Con il 13% delle preferenze, il Partito di Selahattin Demirtas supera l’alto sbarramento del 10% imposto dalla Costituzione turca ad ogni formazione politica affinché possa sedere in Parlamento. Un emiciclo che dovrà ora fare i conti con 79 deputati HDP, 30 dei quali sono donne. I claxon, i fuochi d’artificio, le urla di gioia riempiono la fine di una giornata al cardiopalma per la città di Diyarbakir. Dalle otto del mattino le famiglie si sono recate numerosissime ai seggi (87% di partecipazione su scala nazionale).

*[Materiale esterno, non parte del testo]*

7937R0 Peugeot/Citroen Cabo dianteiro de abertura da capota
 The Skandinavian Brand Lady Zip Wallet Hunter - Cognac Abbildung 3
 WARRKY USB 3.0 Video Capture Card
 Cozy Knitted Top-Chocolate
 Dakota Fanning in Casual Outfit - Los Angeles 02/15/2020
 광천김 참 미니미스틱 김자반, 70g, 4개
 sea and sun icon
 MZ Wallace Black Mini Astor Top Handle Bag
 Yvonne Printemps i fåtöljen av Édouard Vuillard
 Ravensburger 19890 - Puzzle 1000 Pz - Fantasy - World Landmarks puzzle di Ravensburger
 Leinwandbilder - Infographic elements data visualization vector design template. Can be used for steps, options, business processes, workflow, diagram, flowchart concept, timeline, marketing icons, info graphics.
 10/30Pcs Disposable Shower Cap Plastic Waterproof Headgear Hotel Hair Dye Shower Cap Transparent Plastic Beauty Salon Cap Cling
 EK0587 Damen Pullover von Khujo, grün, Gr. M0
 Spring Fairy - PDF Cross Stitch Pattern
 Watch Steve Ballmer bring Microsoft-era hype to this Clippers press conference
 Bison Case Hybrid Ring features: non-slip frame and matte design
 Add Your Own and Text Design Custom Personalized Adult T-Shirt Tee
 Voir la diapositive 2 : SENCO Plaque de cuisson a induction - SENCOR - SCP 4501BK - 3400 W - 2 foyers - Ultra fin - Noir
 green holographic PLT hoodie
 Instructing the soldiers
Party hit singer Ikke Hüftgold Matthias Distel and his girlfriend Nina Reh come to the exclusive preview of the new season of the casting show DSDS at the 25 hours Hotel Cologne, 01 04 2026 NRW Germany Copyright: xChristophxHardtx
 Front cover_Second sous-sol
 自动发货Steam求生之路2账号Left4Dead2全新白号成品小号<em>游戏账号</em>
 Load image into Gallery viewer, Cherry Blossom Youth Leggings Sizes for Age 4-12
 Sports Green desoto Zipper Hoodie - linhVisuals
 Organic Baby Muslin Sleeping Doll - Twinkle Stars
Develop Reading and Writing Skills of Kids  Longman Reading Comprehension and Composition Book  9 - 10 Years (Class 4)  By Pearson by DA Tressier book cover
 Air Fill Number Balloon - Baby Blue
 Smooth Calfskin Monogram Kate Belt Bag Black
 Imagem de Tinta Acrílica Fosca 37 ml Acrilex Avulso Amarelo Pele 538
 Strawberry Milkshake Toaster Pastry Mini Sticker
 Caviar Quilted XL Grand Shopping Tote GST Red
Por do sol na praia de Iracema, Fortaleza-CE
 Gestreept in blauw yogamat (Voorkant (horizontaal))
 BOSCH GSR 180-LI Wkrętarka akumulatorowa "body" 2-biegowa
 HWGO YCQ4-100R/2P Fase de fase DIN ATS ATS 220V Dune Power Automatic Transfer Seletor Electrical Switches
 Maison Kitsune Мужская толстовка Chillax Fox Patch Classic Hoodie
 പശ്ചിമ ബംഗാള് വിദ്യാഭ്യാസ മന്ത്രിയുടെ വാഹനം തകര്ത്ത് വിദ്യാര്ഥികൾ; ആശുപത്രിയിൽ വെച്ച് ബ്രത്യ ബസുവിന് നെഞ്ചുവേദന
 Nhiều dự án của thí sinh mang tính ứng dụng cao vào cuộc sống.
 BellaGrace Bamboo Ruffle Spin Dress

La paura di brogli è nella testa di tutti. Molti simpatizzanti dell’HDP temono di farsi scippare la vittoria prevista dai sondaggi. La Turchia è abituata a questo. Tutti ricordano le elezioni amministrative del 2014 quando una panne di elettricità aveva gettato nel buio completo molte seggi ad Ankara proprio nella fase finale di spoglio. “Un gatto è entrato nel trasformatore”, aveva allora goffamente risposto il Ministro dell’Energia per giustificare il guasto.  Nel corso della giornata, la vittoria del partito pro-curdo diventa sempre più chiara. Nella regione, l’HDP ottiene il 78% delle preferenze, moltissime in più rispetto a quelle ottenute dal Partito di Erdogan, l’AKP (14,7%). “E’ la risposta che ci aspettavamo dopo gli attentati: protestare attraverso il voto, la solidarietà, e non attraverso la violenza”, dichiarano soddisfatti a Diyarbakir. In effetti la città ha pagato a caro prezzo questa vittoria, due giorni prima delle elezioni, durante un ultimo comizio dell’HDP, due bombe sono esplose in mezzo alla folla causando la morte di quattro persone, ferendone e mutilandone centinaia. E’ stato l’azimut di una campagne elettorale tesa per i membri del Partito, vittima di regolari attacchi e violenze. Domenica scorsa, la pazienza dei sostenitori dell’HDP sembra essere stata ricompensata. Ma i Curdi dovranno ora far prova di vera, grande tolleranza.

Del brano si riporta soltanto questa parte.